--- DATA TO EXAMINE ---

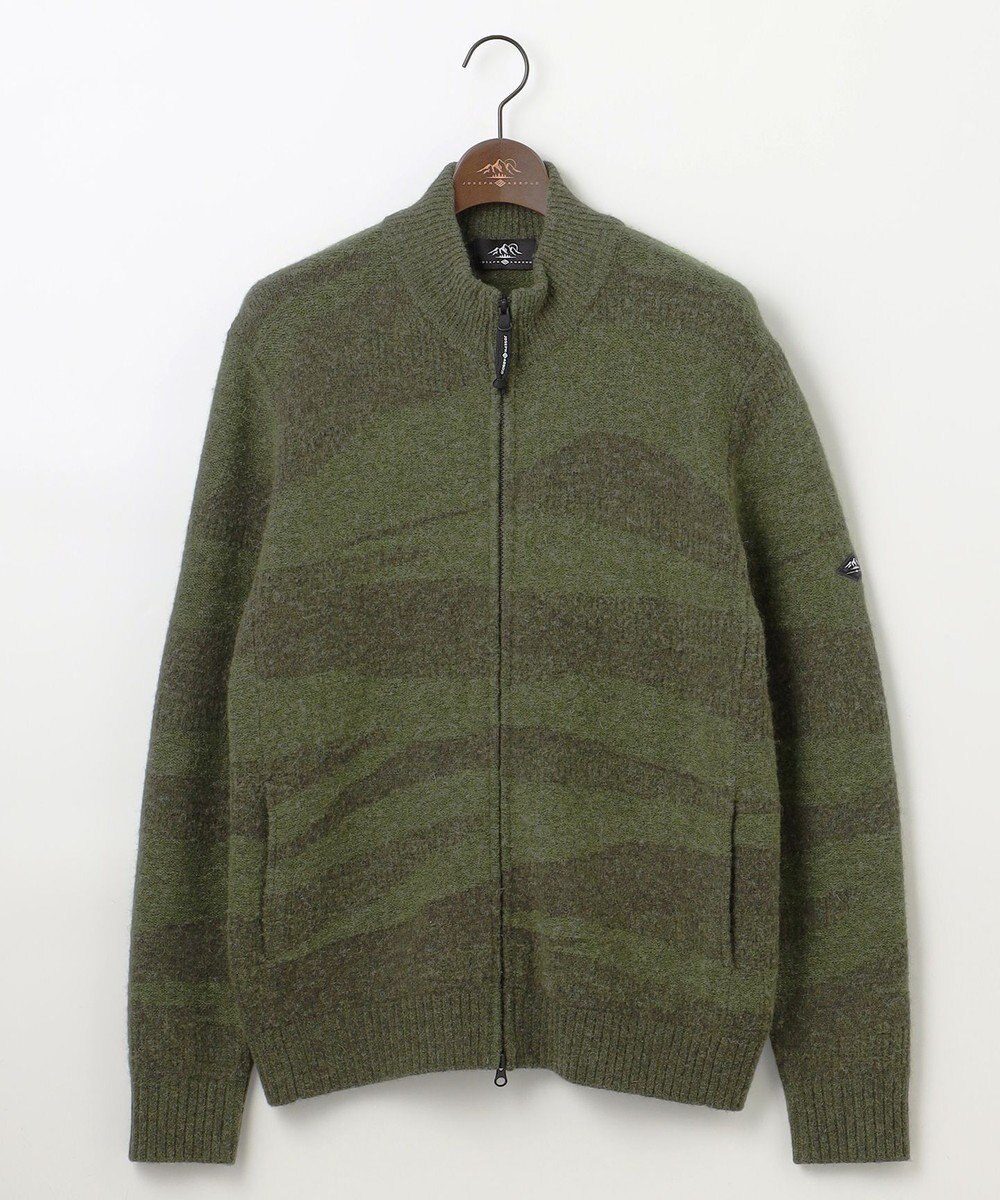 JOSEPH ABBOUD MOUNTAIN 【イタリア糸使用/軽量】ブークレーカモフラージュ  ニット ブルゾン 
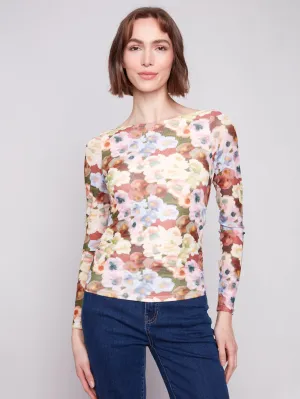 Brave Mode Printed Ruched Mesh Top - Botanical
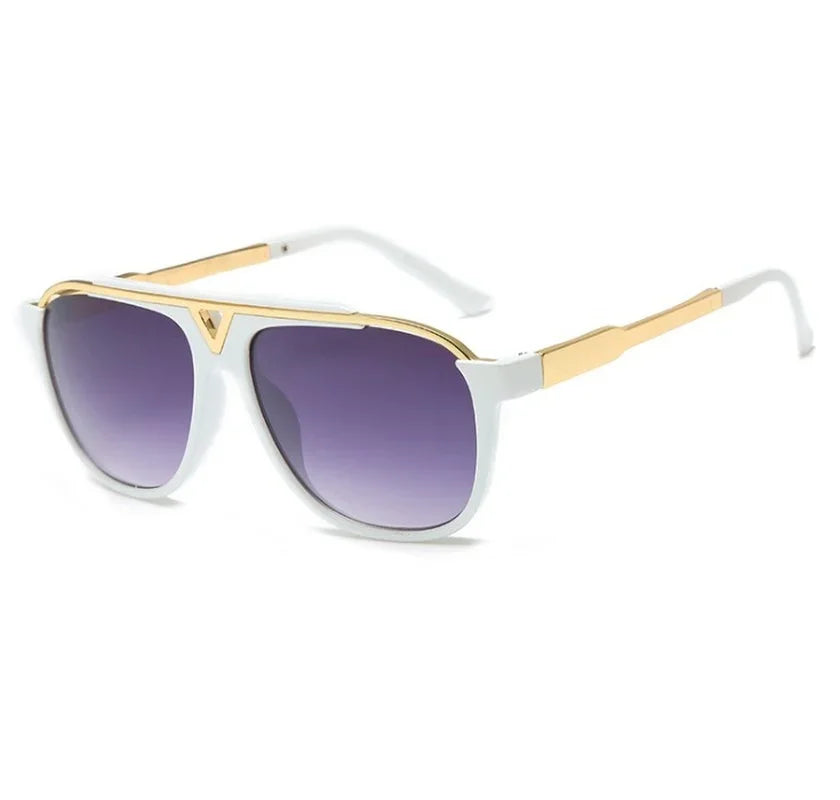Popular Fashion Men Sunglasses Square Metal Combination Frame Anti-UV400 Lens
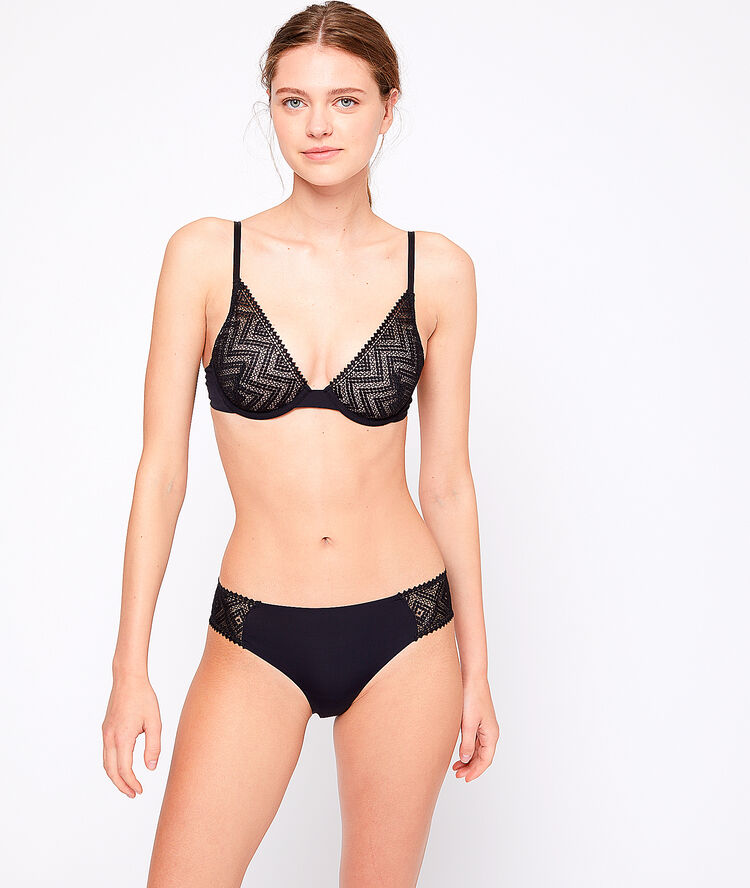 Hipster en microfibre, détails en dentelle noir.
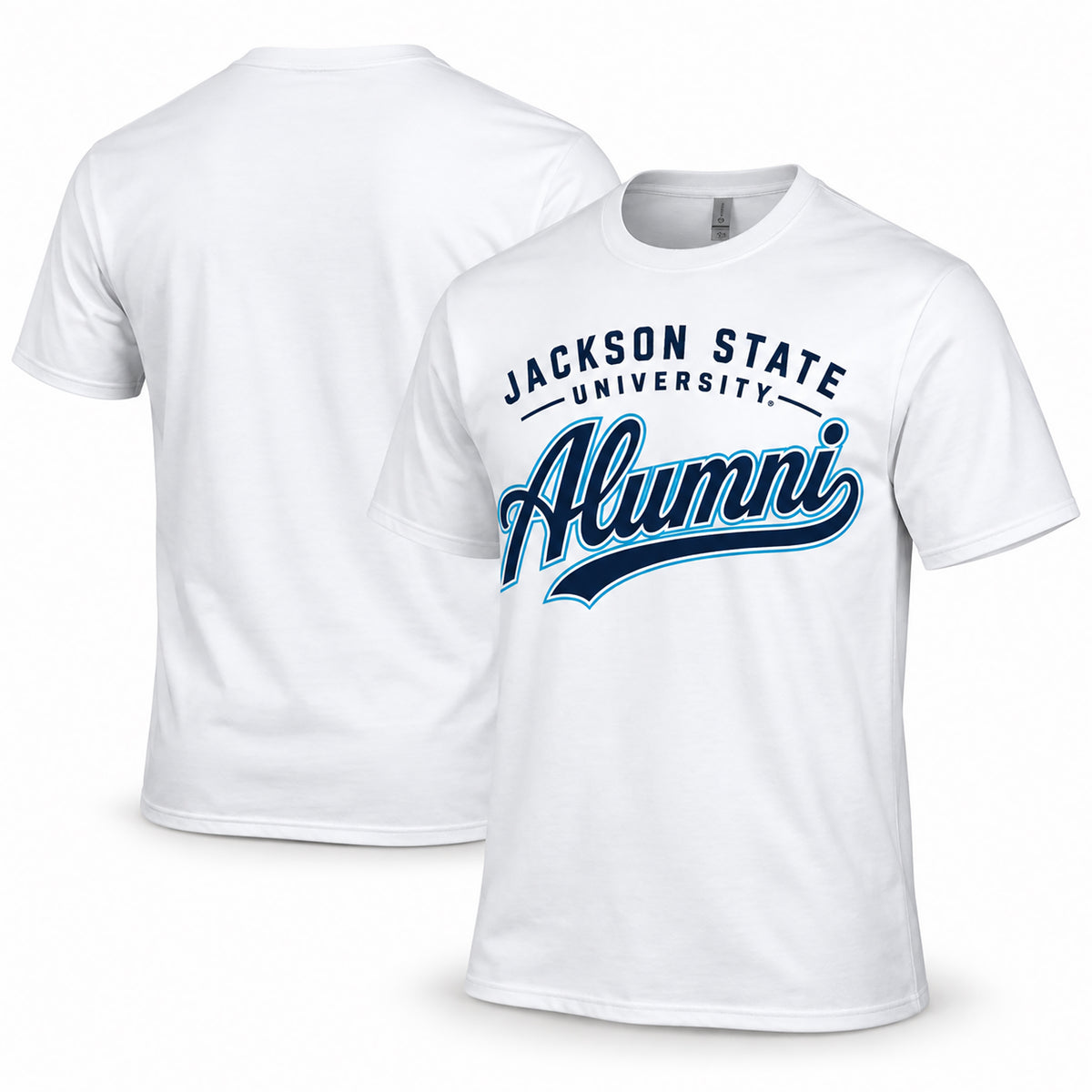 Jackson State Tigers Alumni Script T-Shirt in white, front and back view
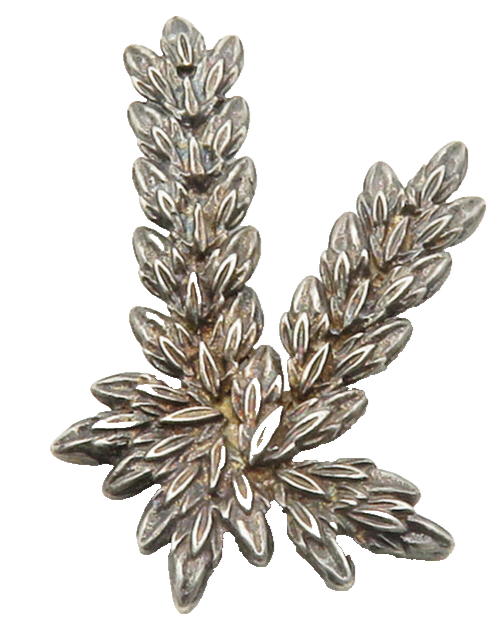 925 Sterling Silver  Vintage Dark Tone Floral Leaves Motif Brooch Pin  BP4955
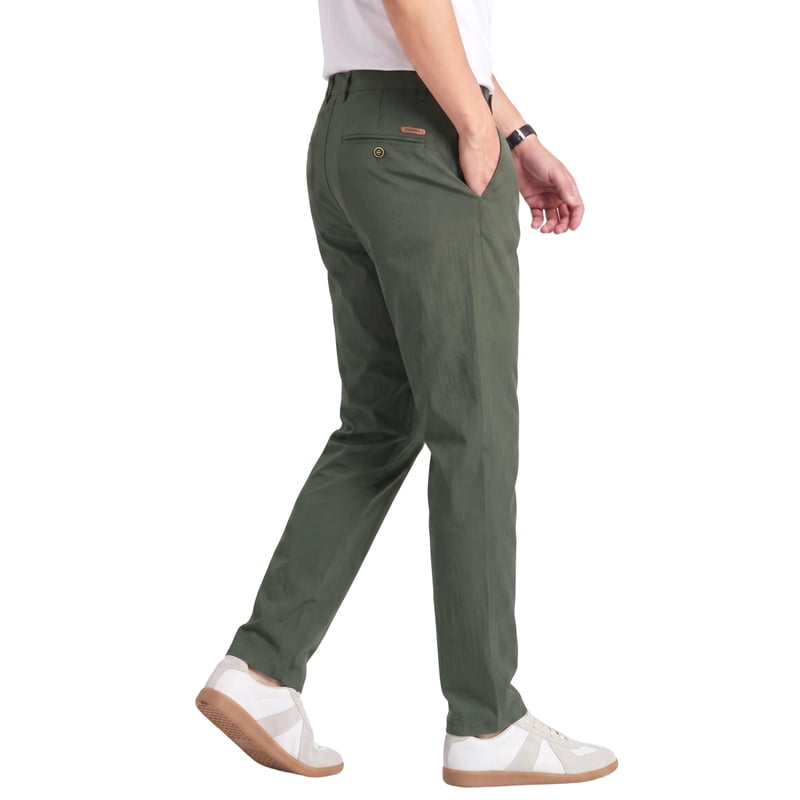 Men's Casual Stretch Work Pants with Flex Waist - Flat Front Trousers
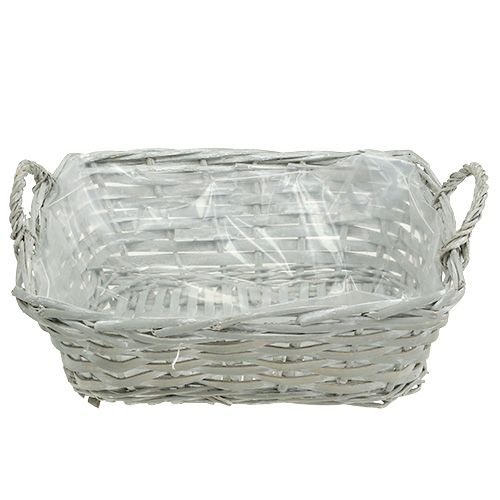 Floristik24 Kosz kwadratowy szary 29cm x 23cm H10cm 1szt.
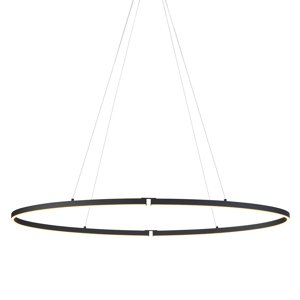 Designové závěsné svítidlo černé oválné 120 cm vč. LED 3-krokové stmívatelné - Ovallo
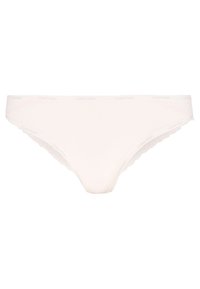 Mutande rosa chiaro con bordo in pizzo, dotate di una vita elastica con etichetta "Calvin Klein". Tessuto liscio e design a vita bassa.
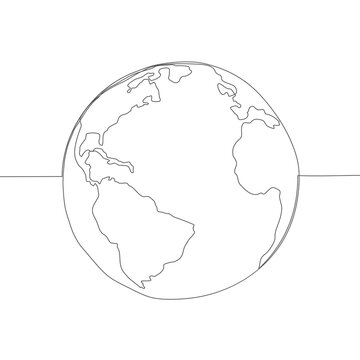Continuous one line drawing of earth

---

> **TRY IT**
From the material above, write out exactly the lines from the line with "Mutande rosa chiaro" through the closing line, inclusive, and no pictures.

> **EXERCISE ANSWER**
 Mutande rosa chiaro con bordo in pizzo, dotate di una vita elastica con etichetta "Calvin Klein". Tessuto liscio e design a vita bassa.
Continuous one line drawing of earth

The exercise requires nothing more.